Metabologenomic characterization uncovers heterogeneity among idh mutant gliomas

Abstract Mutations in isocitrate dehydrogenase (IDH) enzymes are recognised to drive the molecular footprint of diffuse gliomas, and patients with IDH-mutant gliomas have overall favorable outcomes compared to patients with IDH wildtype tumors. Nonetheless, survival can vary widely even amongst patients with IDH-mutant tumors. A comprehensive metabologenomic characterization of IDH-mutant gliomas has not been performed to date. METHOD: Glioma samples from a cohort of 154 patients that underwent surgery at the UHN in Toronto, ON, underwent multiplatform molecular analysis, including metabolomic studies, genome- wide DNA methylation profiling and bulk RNA sequencing. A comprehensive, integrative analysis was performed, and validated through the use of an independent cohort derived from The Cancer Genome Atlas. RESULTS: We discovered a group of IDH-mutant gliomas with globally altered metabolism that highly resembled IDH wildtype tumors.
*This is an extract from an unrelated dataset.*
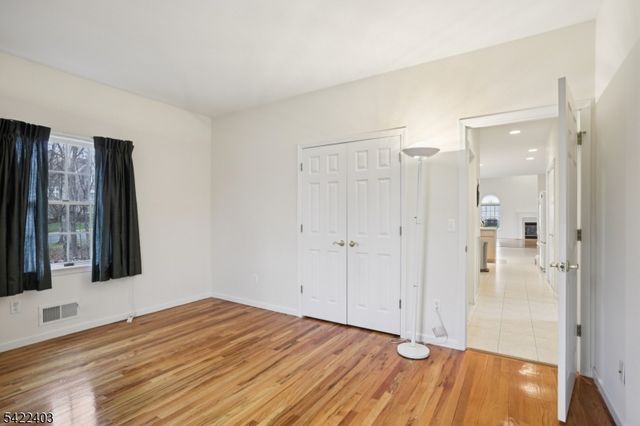1 Jenny Ln, Wayne Twp., NJ 07470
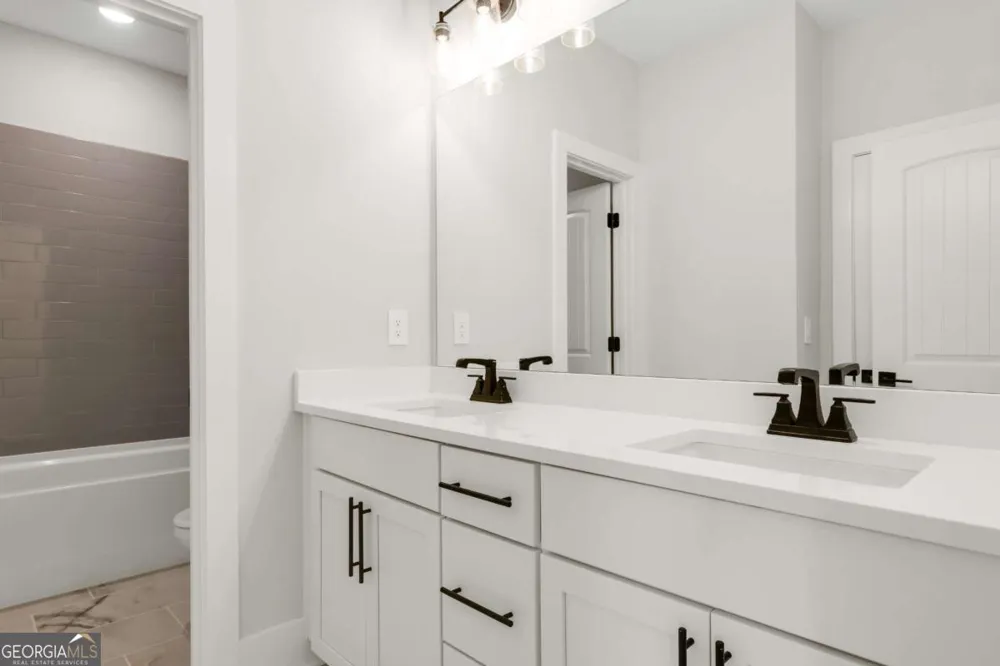 517 Red Clay Farm LN Suwanee, GA 30024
Notably, these IDH-mutant gliomas with dysregulated metabolism were distinguished from their IDH-mutant counterparts by significantly shorter overall survival. The prognostic relevance of dysregulated metabolism complements, but was not wholly explained by canonically recognized prognostic classifications in IDH-mutant gliomas including 1p/19q codeletion, glioma CpG Island Hypermethylator (GCIMP) status and CDKN2A homozygous deletion. IDH-mutant tumors with dysregulated metabolism harbored distinct epigenetic alterations that converged to drive proliferative and stem-like transcriptional profiles. CONCLUSION: Utilizing a cross-platform analysis we have uncovered a novel subtyping of IDH-mutant gliomas with dysregulated cellular metabolism with similar survival to IDH-wildtype tumors. The metabolic profile provides unique information on glioma phenotypes, which may can facilitate a more comprehensive understanding of glioma biology, and provide a window to target novel dependencies.